### Work required
Write each line out exactly, from the one containing "Gray & Gold" through the final line of the data, and keep pictures out of the copy.

§ §

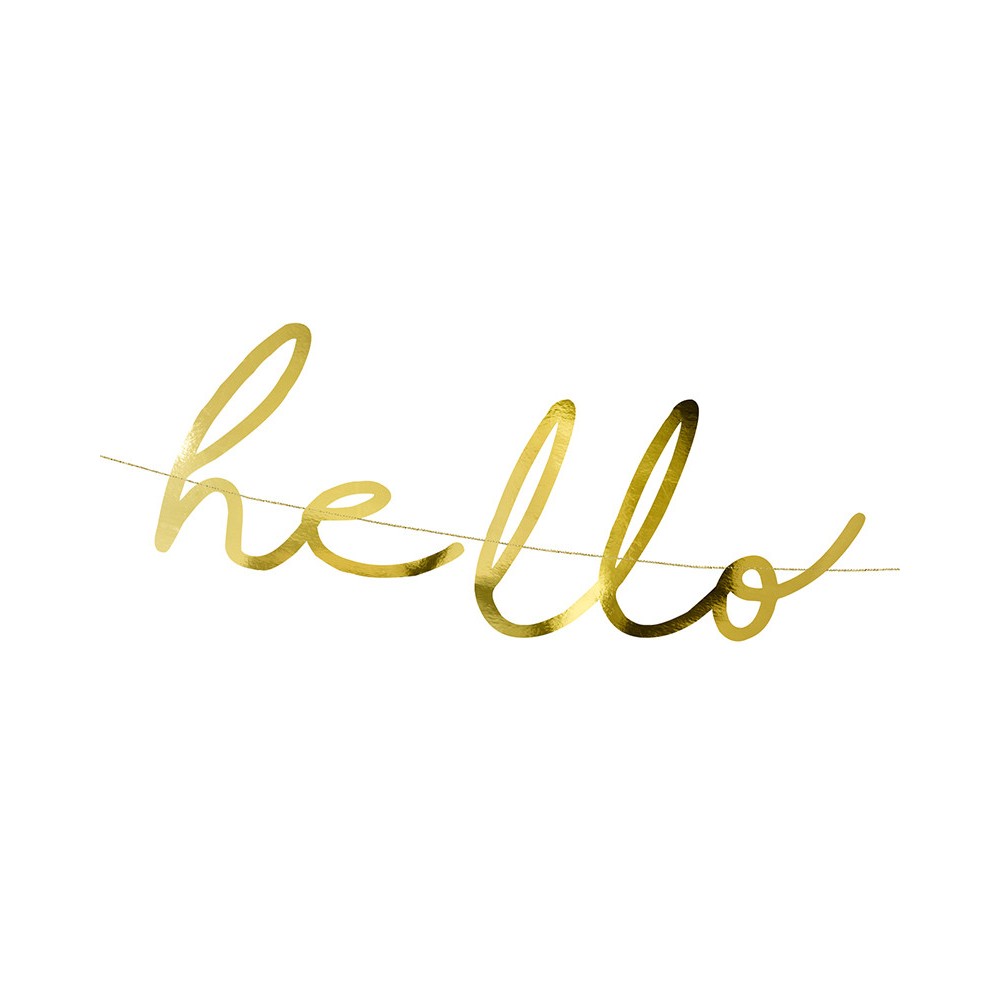 Banner Hello Baby - gold, 18 x 70 cm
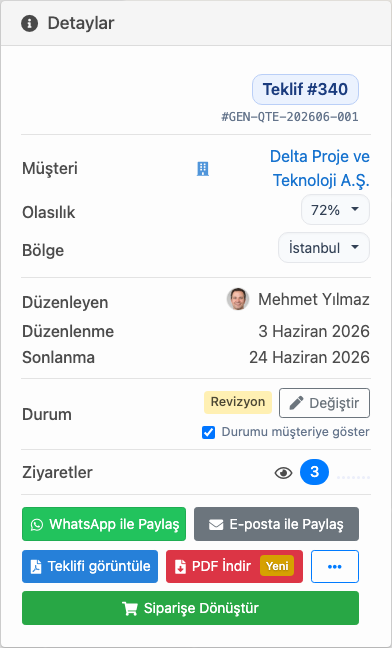 Delbig CRM teklif aksiyon panelinde ziyaret, WhatsApp, e-posta, PDF ve siparişe dönüştürme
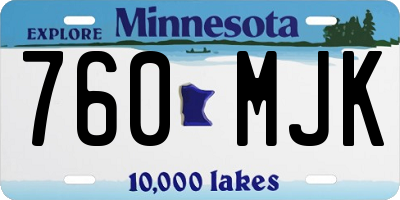 MN license plate 760MJK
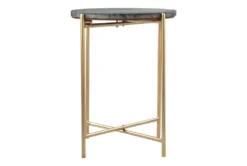 Gray & Gold Marble Top Side Table -Living Room Furniture Shop 307376 grey metal accent table detail 45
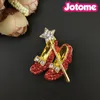 50st/Lot Gold Tone Crystal Dorothy Wizard of Oz Style Brosches Red High Heeled Shoes Brosch Bow and Star Lapel Pin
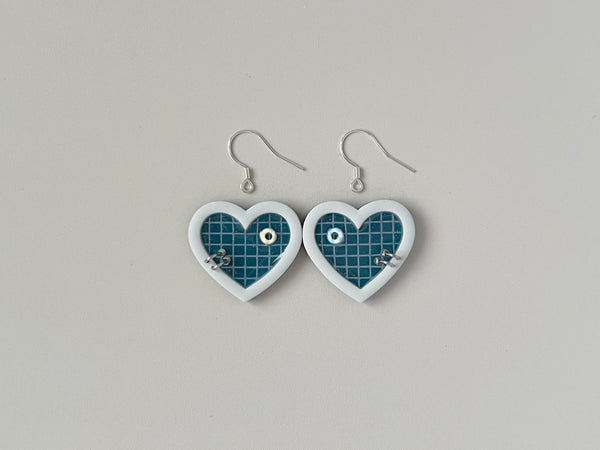 Navy Teal Pools: Small Heart Earrings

§ §

### Answer box
 Gray & Gold Marble Top Side Table -Living Room Furniture Shop 307376 grey metal accent table detail 45
 50st/Lot Gold Tone Crystal Dorothy Wizard of Oz Style Brosches Red High Heeled Shoes Brosch Bow and Star Lapel Pin
 Navy Teal Pools: Small Heart Earrings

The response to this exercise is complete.